Frente a las declaraciones del Ministro de Defensa, Luis Petri, publicadas en el diario Clarín el 12 de abril de 2024 en el artículo ‘Polémica en Defensa: Luis Petri echó a un equipo que investigaba archivos de la dictadura, al que acusó de “perseguir” a los militare’ es importante desmentir los argumentos allí utilizados, que estigmatizan y descalifican a trabajadores y trabajadoras estatales. Desde la Secretaría de Derechos Humanos de ATE Nacional expresaron que es necesario destacar la tarea que, con enorme valor para la Justicia, llevaron a cabo trabajadoras y trabajadores sumamente calificados, con gran responsabilidad, compromiso y profesionalismo, respondiendo a requerimientos judiciales en causas de lesa humanidad.

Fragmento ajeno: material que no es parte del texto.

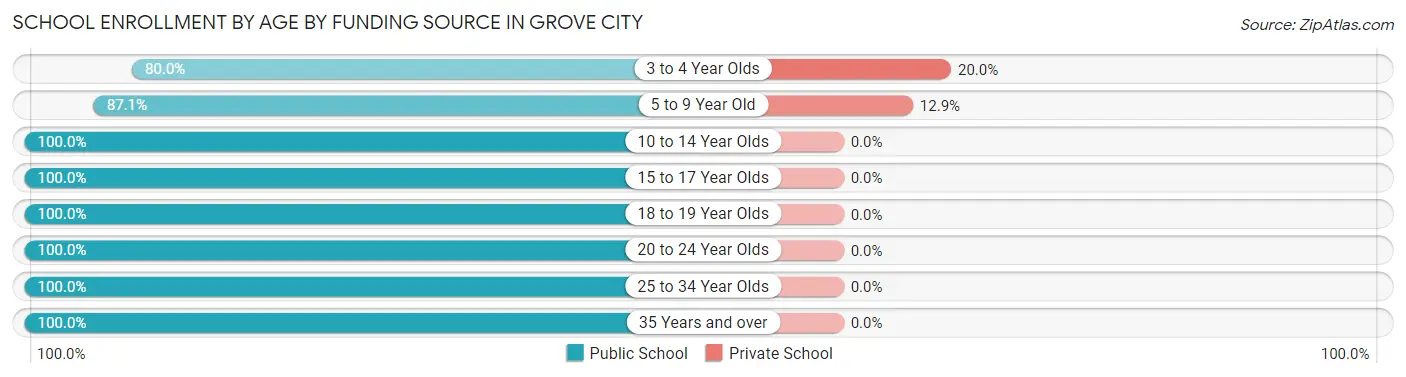 School Enrollment by Age by Funding Source in Grove City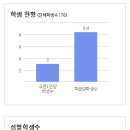 과천대로 852-23 이미지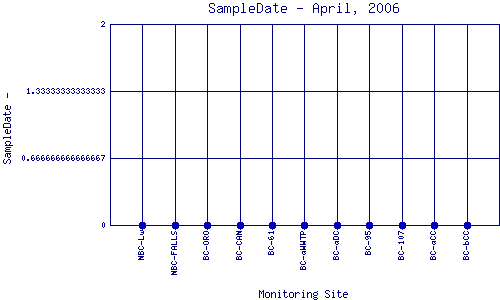 SampleDate Plot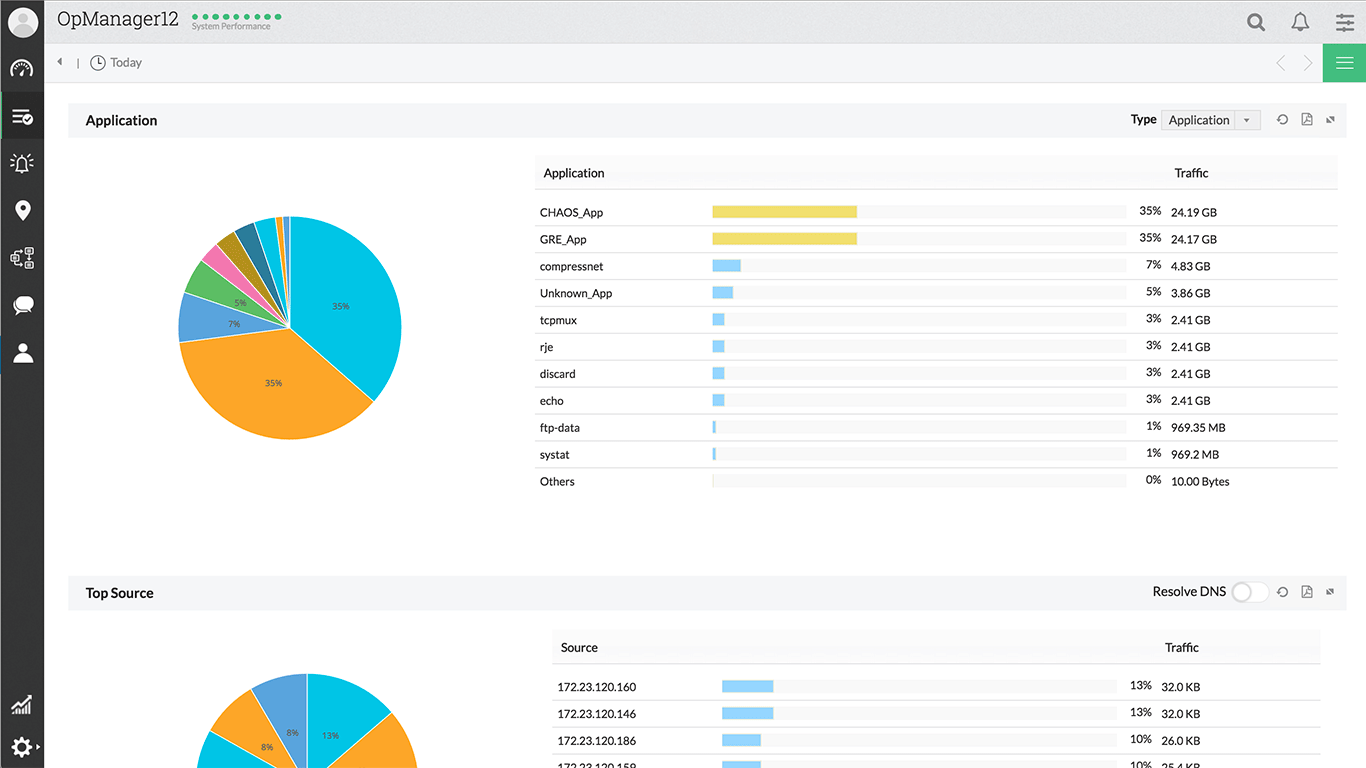 Network traffic analysis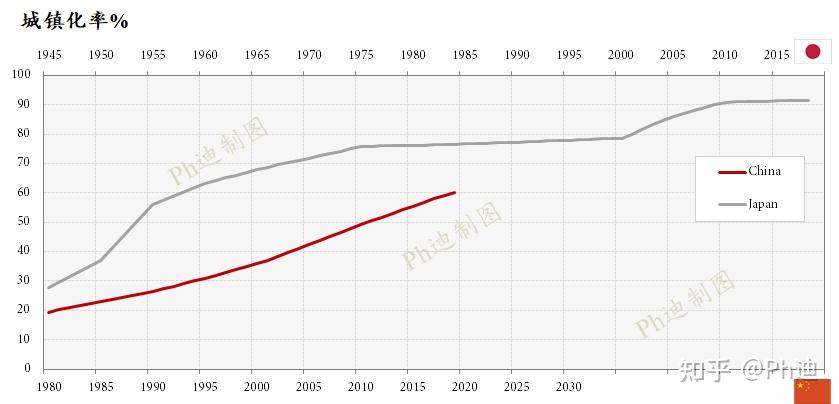 2035年远景目标与GDP_剖析 十四五 规划的6大产业机会 王德伦,李美岑(3)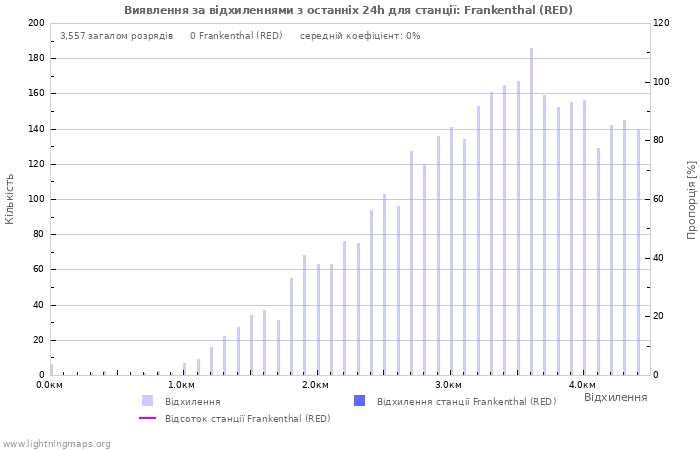 Графіки: Виявлення за відхиленнями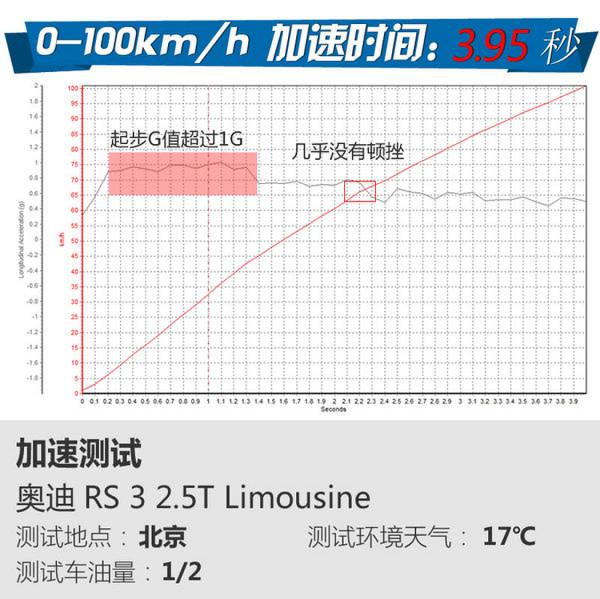 ‘稍安勿静’ 试驾评测最强钢炮全新奥迪RS 3-图2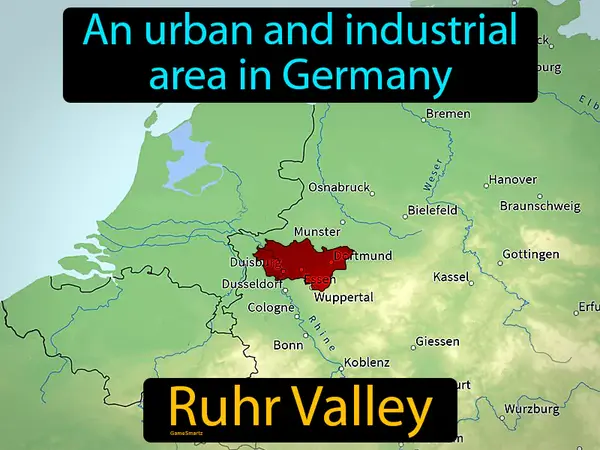 An urban and industrial area in Germany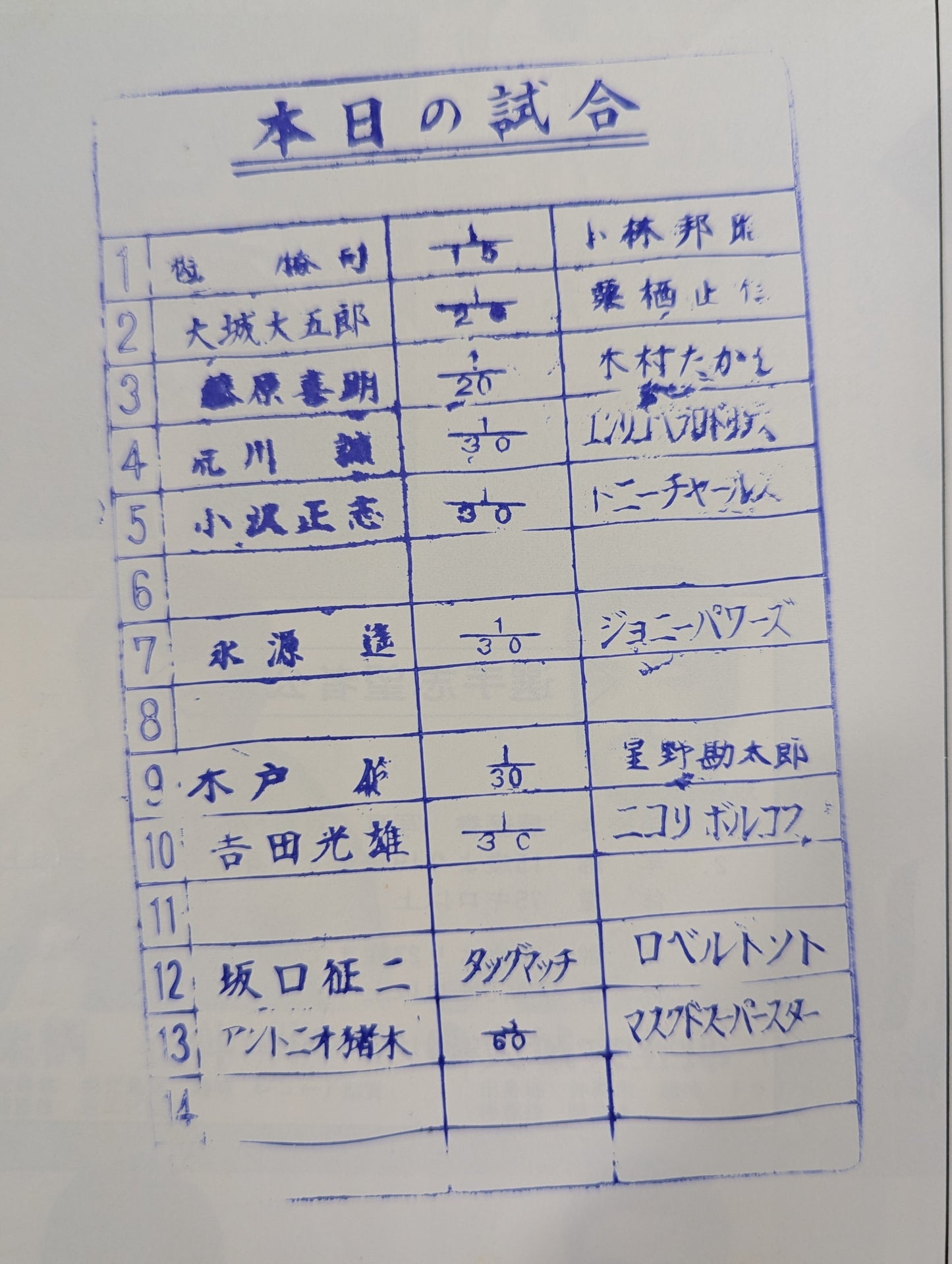 77第4回ワールド大リーグ戦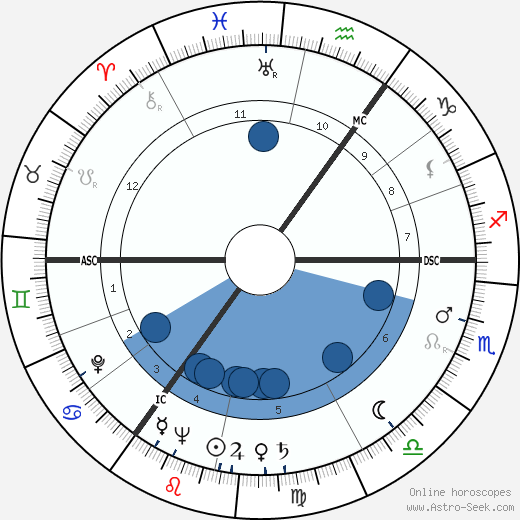 Maureen O'Hara wikipedia, biography, birth chart, instagram Maureen O'Hara wikipedia, horoscope, astrology, instagram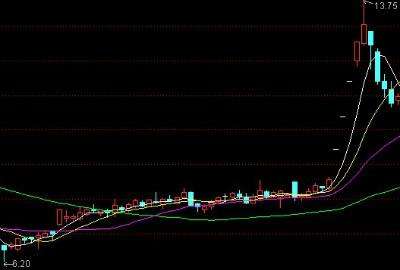 榕基软件的分时走势k线图_榕基软件分时走势配线图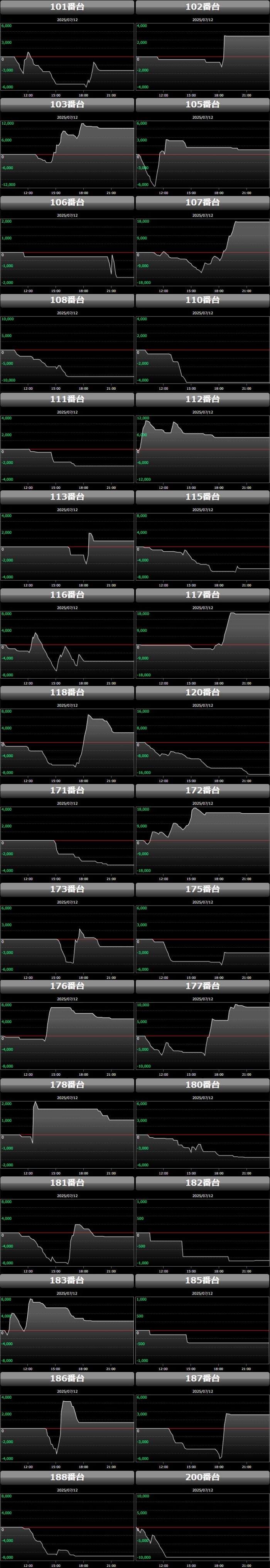 出玉スランプグラフ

El responsable de la cartera de Defensa se refiere al Equipo de Relevamiento y Análisis Documental en Archivos de las Fuerzas Armadas (ERyA), dependiente de la Dirección Nacional de Derechos Humanos de ese Ministerio –del cual despidió a 10 de 13 trabajadores y trabajadoras el pasado 27 de marzo- a quienes definió como “un grupo parajudicial con facultades que sólo cuenta la Justicia: Podían tener llaves de todas las oficinas, requisar y meterse en los archivos, precintar lo que quisieran sin tener una orden judicial”, según expresa la nota.
En ese punto, vale destacar que el ERyA fue creado por la resolución ministerial 308/2010 y les fue otorgado un carácter permanente mediante la RESOL-2023-1573-APN-MD. Es decir, los trabajadores y trabajadoras a quienes el Ministro difama se desempeñaron durante cuatro gobiernos de distinto signo político, desde 2010, con el adecuado marco institucional. Ambas resoluciones afirman la necesidad de conservación y protección de los registros documentales existentes y la importancia de relevar toda la documentación de valor histórico y/o judicial que las FF.AA. posean en sus diferentes áreas de archivo, lugares de custodia y/o almacenamiento de documentación.
En el artículo se explica que el Ministro sostuvo: “Los informes que produjeron no están en el sistema, yo como Ministro no puedo acceder, los mantuvieron en secreto en sus computadoras y en los últimos tiempos fueron con memorias portátiles a llevárselos. Eran un grupo de persecución que hacía macartismo en las Fuerzas Armadas”. Se trata de una acusación muy grave y falsa ya que toda la documentación e información en los respectivos discos rígidos producida durante 14 años de trabajo siempre se encontró a disposición de todas las gestiones ministeriales, además de que la labor siempre fue enmarcada institucionalmente respondiendo a las respectivas gestiones amparadas en las resoluciones antes mencionadas.
Sobre las y los trabajadores del ERyA, el Ministro además acusó: “No sabemos a quién respondían. Tenían 6 informes publicados en 14 años”. En este punto, es importante mencionar que el contenido de los informes realizados por el ERyA no es divulgado porque contienen datos que pueden ser relevantes para una investigación penal. Por lo tanto, darle publicidad puede afectar a la marcha de la causa. Los informes del ERyA no se publicaban, se ponían a disposición de los funcionarios a cargo de la Dirección Nacional de Derechos Humanos y Derecho Internacional Humanitario en cada gestión correspondiente.
El ERyA trabajó además en numerosos proyectos especiales en conjunto con las Fuerzas Armadas, poniendo a disposición para la sociedad en su conjunto fondos documentales posibles de ser consultados. Por ejemplo, en el marco de la conmemoración del 40°aniversario del Conflicto Bélico del Atlántico Sur, se digitalizaron los fondos y colecciones sobre la Guerra de Malvinas en guarda en los archivos históricos de las Fuerzas Armadas y, por primera vez desde el Conflicto, se pusieron a disposición de toda la sociedad argentina, documentos de esos acervos en el sitio web Archivos Abiertos.
A meses de haberse cumplido 40 años de la recuperación de la Democracia, resulta extremadamente grave que un Ministro –proveniente de las filas del partido que promovió el Nunca Más- se dedique a intimidar y perseguir a trabajadores y trabajadoras que llevan adelante desde hace 14 años una política de Memoria reconocida internacionalmente, divulgando para ello acusaciones infundadas, que remiten a los años más oscuros de la historia argentina reciente.
Por todo lo expuesto, desde ATE se exige que se garantice la continuidad de las políticas de Memoria, Verdad y Justicia, y que cese de inmediato la persecución y el hostigamiento a las y los trabajadores estatales garantizando la estabilidad del empleo público como marca la Constitución Nacional.